The fact that it can provide you all of the conceivable features of complex information and associated techniques is different compared to traditional text-mining means. Information and ideas regarding the outcomes are made available to the public. In addition, it allows the right person to forecast future developments. This was the objective of a multinational team headed by Dr. Edwin DiDAY as an investigator to set up research under the scope of a three-year project sponsored by EUROSTAR.
Электронная Книга «Symbolic Data Analysis and the SODAS Software» написана автором Edwin Diday в году.
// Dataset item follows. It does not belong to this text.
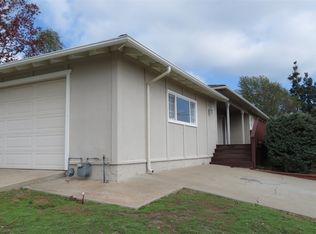 1055 Camino Ciego, Vista, CA 92084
Минимальный возраст читателя: 0
Язык: Английский
ISBN: 9780470723555
Описание книги от Edwin Diday
Symbolic data analysis is a relatively new field that provides a range of methods for analyzing complex datasets. Standard statistical methods do not have the power or flexibility to make sense of very large datasets, and symbolic data analysis techniques have been developed in order to extract knowledge from such data. Symbolic data methods differ from that of data mining, for example, because rather than identifying points of interest in the data, symbolic data methods allow the user to build models of the data and make predictions about future events. This book is the result of the work f a pan-European project team led by Edwin Diday following 3 years work sponsored by EUROSTAT. It includes a full explanation of the new SODAS software developed as a result of this project. The software and methods described highlight the crossover between statistics and computer science, with a particular emphasis on data mining.